= WHAT THIS TASK INVOLVES =
From the first line of the entries through the line containing "Georgia Peach 3s", output everything exactly except the pictures.

== INFORMATION PROVIDED ==

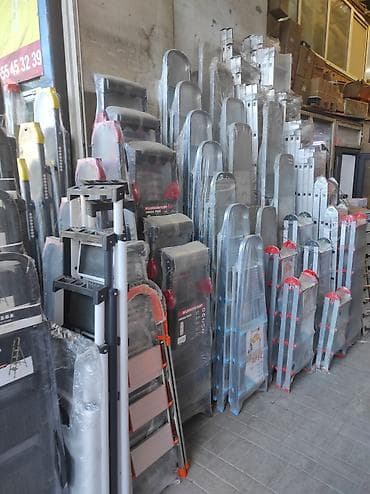 люк чердачный: Складная стремянка-лестница, Материал: Алюминий, Новый, Для дома, Высота: Более 4 м — 7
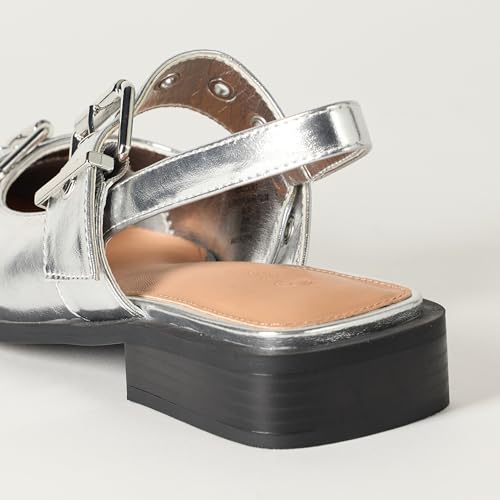 The Drop Women's Evie Moto Pointed Toe Flat3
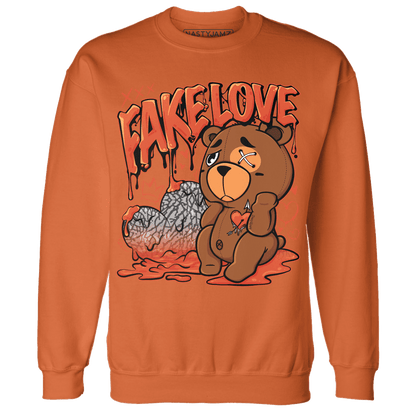 Georgia Peach 3s Sweatshirt Match Fake Love BER - NastyJamz
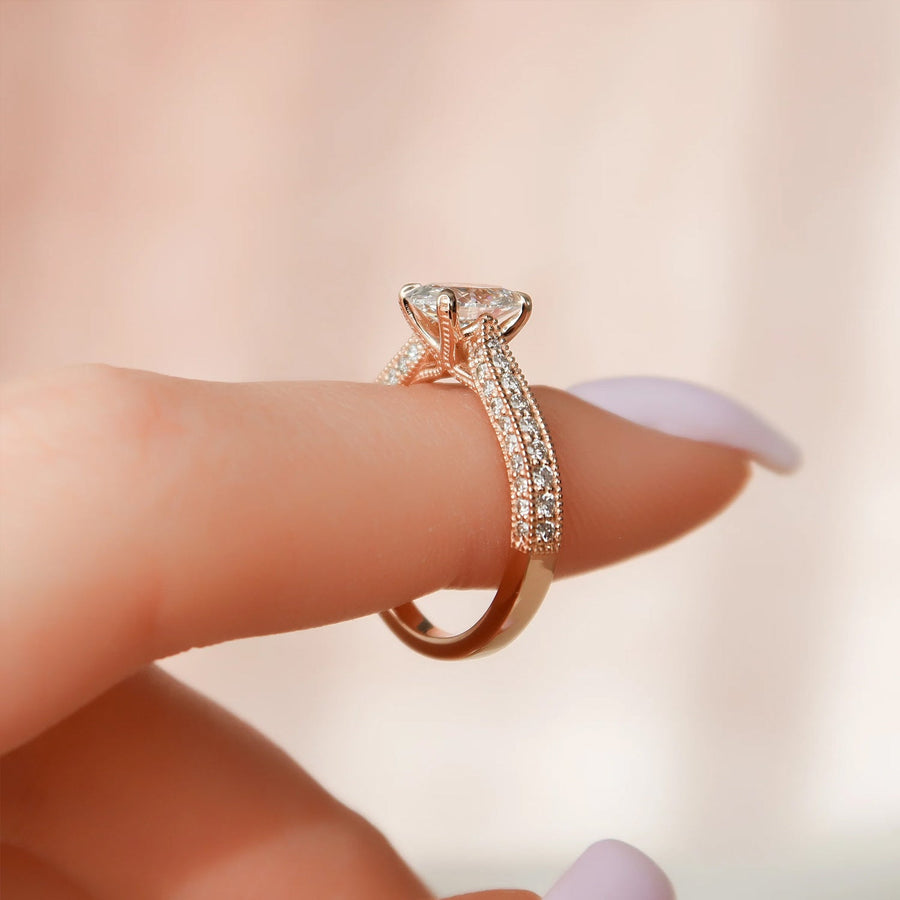  The Catherine Oval Lab Diamond Ring 14k Rose Gold 005 Final
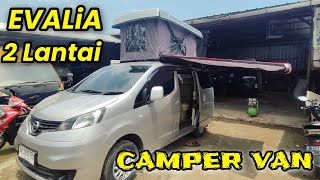 Rumah Berjalan 2 Lantai Nissan EvaLia Campervan Dijamin Betah Dijalan Ga Mau Pulang Keliling Indo [upl. by Asaret]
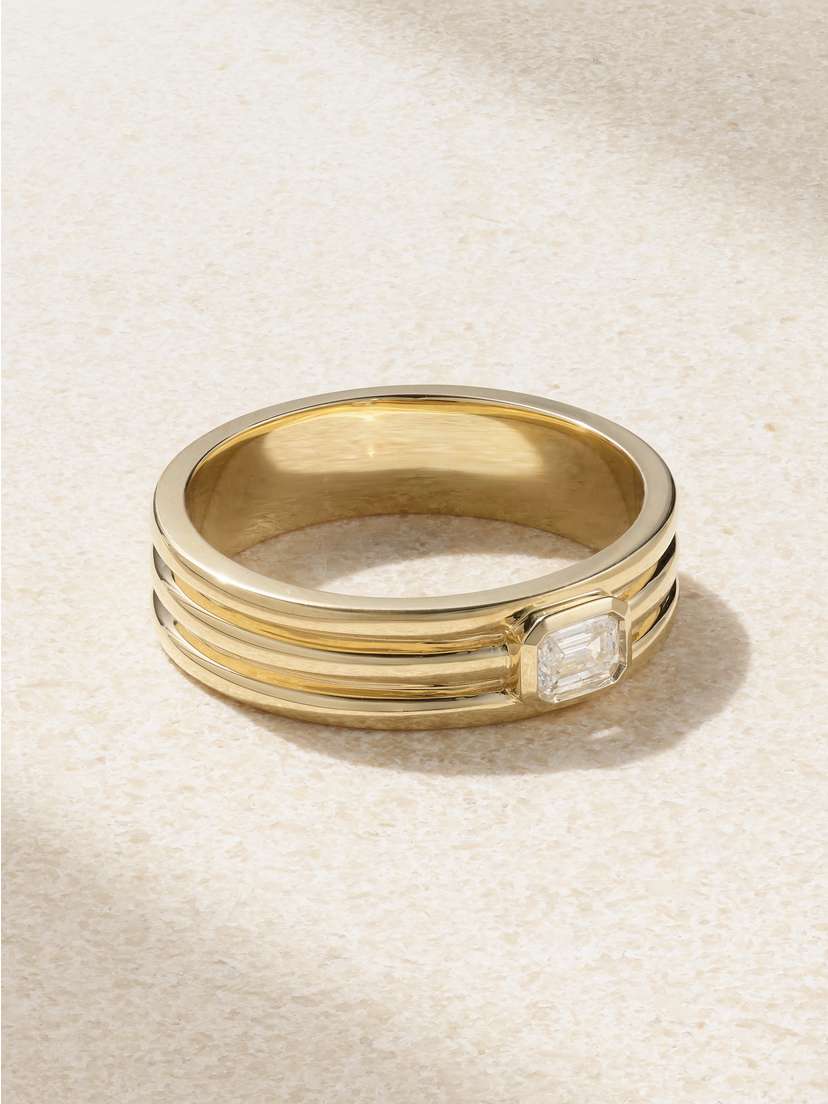 STONE AND STRAND Trio Ridge 14-karat Gold Diamond Ring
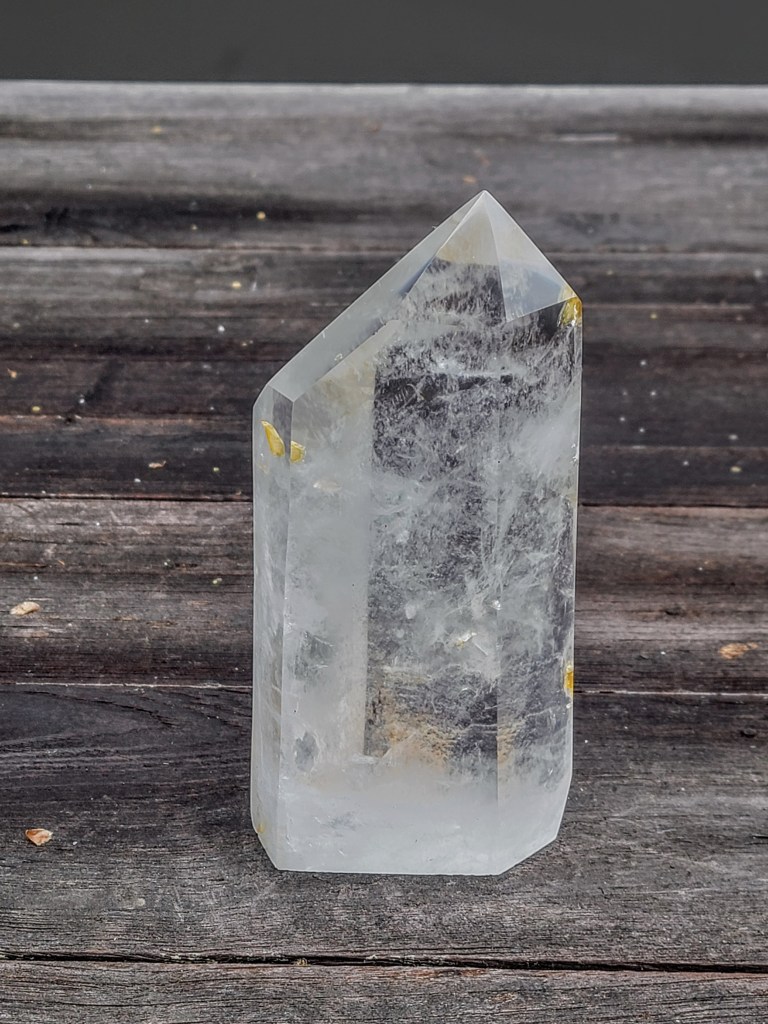 Ron Coleman Mine Arkansas Quartz Crystal Point Side #1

===

= OUTPUT FOR THIS TASK =
 люк чердачный: Складная стремянка-лестница, Материал: Алюминий, Новый, Для дома, Высота: Более 4 м — 7
 The Drop Women's Evie Moto Pointed Toe Flat3
 Georgia Peach 3s Sweatshirt Match Fake Love BER - NastyJamz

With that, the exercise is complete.